Asked whether he considered following Ancona to Eyal's new venture, Drumlevich says he did not. “I really, really like Ohad's choreography and I admire his work a lot. On the one hand, all these changes are a bit frightening," he says. "But on the other hand, it’s exciting to know that we’re part of the new face of Batsheva.”

The story of Ancona and Drumlevich exemplifies the atmosphere at Batsheva nowadays: it’s like a family breakup.

Lotem Regev, who joined the ensemble after three years in the Kibbutz Contemporary Dance Company, is also leaving. At the end of July he will be going to Sweden, where he will join the Göteborg Ballet.
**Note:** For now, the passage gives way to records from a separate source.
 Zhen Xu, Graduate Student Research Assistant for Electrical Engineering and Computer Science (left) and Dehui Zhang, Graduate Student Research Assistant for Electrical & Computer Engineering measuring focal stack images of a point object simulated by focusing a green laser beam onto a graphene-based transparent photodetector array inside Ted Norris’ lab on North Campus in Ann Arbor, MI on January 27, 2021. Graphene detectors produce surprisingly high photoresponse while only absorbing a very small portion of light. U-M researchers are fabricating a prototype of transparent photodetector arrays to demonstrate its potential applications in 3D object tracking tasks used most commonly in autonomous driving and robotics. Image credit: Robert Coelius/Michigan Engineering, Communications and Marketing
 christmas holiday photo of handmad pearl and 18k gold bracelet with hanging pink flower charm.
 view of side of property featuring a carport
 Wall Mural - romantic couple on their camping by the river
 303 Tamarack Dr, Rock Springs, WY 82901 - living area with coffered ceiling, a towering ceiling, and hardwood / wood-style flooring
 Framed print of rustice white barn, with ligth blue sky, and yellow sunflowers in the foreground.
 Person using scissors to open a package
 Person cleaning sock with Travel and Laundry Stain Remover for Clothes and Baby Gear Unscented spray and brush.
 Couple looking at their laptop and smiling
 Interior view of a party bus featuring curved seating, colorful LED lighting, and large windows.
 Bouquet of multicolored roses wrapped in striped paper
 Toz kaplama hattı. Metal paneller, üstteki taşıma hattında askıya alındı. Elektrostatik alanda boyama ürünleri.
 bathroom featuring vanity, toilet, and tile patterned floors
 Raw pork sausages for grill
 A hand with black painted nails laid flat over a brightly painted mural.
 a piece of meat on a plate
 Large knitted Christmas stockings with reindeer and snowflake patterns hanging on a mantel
“They let me go,” Regev says with a smile. “Ohad made his decision and that was it. I’m fine with it. I was also thinking of staying in Israel, maybe going back to the Kibbutz Contemporary Dance Company, but I decided that this was the time to see the world.

"It’s hard to be a dancer in Israel," he continues. "In Europe, salaries are three times higher and the cost of living isn’t as high. Though I think dance in Israel is the most interesting, when it comes to living conditions and the way we’re treated, there are things abroad that we just can’t compete with.”

The pie is very small

Salary and working conditions have been sore issues with the Batsheva Ensemble. Previously, dancers didn't receive a salary in their first year and only NIS 2,600 a month on average during their second.

Executive director of the Batsheva Dance Company, Dina Aldor, says that things are different today. “The dancers receive a stipend for living expenses, which is a little over the minimum wage, for two years,” she says.

“It’s important to understand that the ensemble is a training ground," she says. "Its members are treated as professionals in every way, and they are highly nurtured – personally, professionally and creatively. This is an extraordinary place. It’s no coincidence that people from all over the world come to audition here.”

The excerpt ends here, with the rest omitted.